EXERCISE DIRECTIONS:
Reproduce the lines below exactly, from the one containing "văn phòng công" through the one containing "Der Bahnsteig an", both included. Leave out any pictures.

STORED DATA:

- - - - - - -

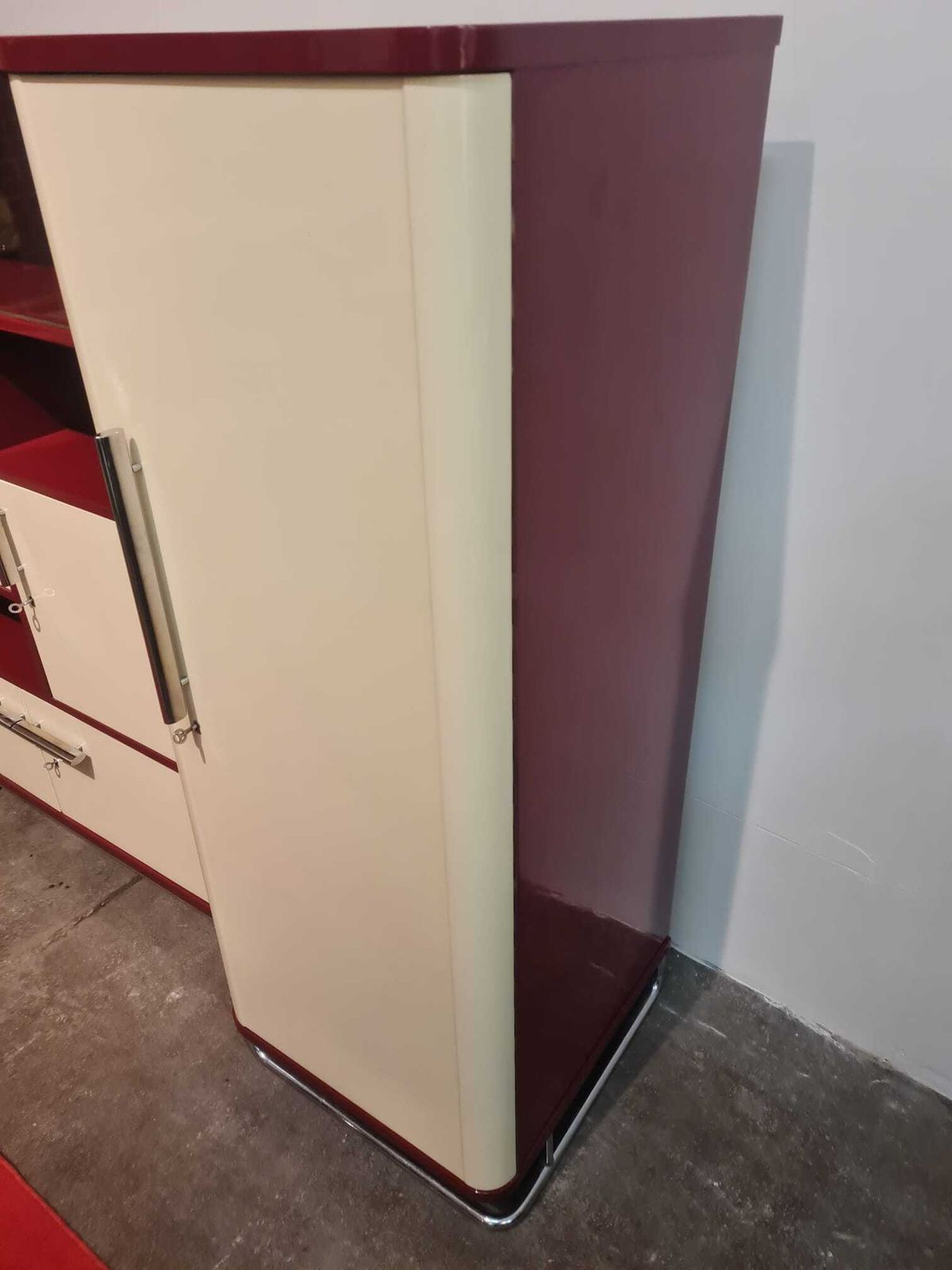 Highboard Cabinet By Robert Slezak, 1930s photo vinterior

- - - - - - -

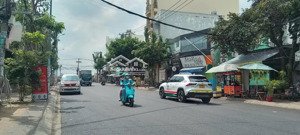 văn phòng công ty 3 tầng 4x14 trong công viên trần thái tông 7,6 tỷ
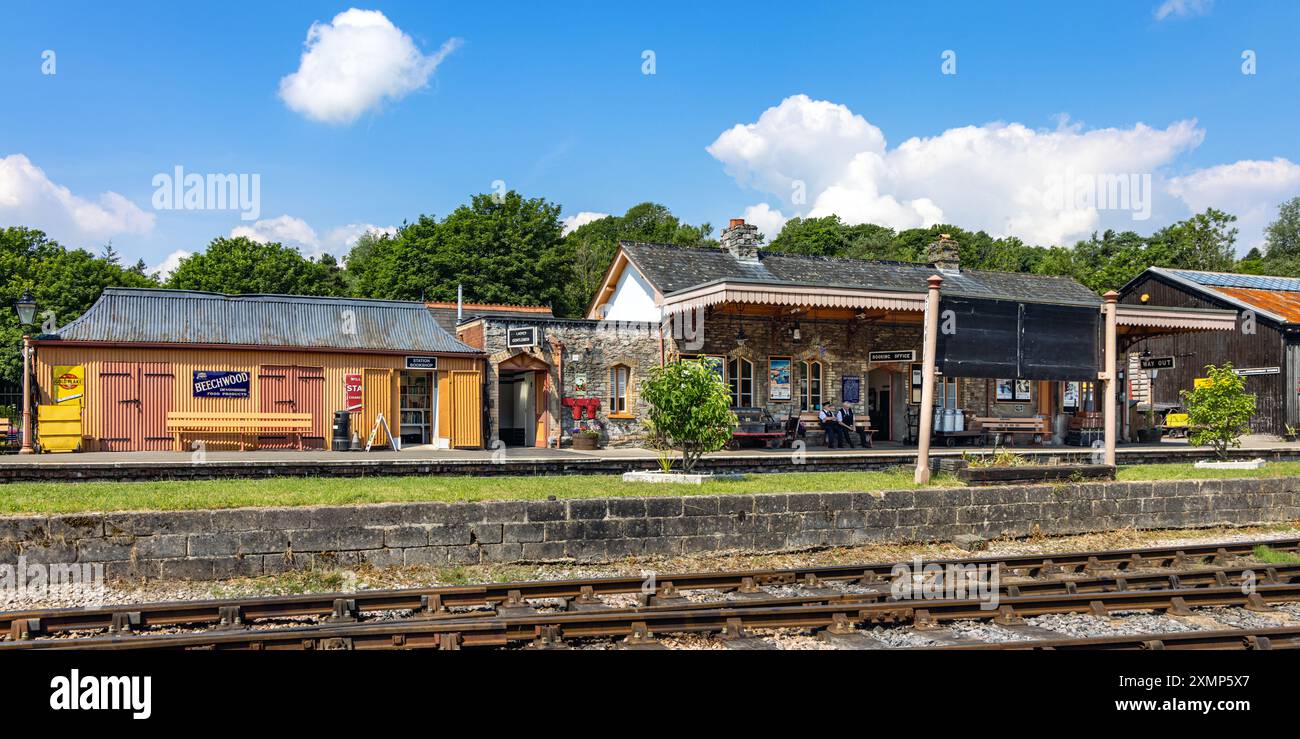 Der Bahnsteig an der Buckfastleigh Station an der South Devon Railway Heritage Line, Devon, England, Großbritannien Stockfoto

- - - - - - -

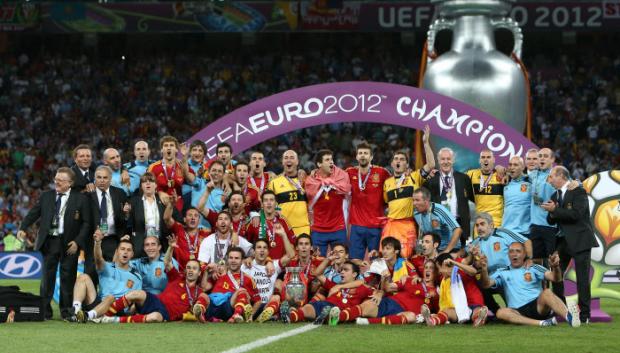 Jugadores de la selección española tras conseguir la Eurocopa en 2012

- - - - - - -

EXERCISE RESULT:
 văn phòng công ty 3 tầng 4x14 trong công viên trần thái tông 7,6 tỷ
 Der Bahnsteig an der Buckfastleigh Station an der South Devon Railway Heritage Line, Devon, England, Großbritannien Stockfoto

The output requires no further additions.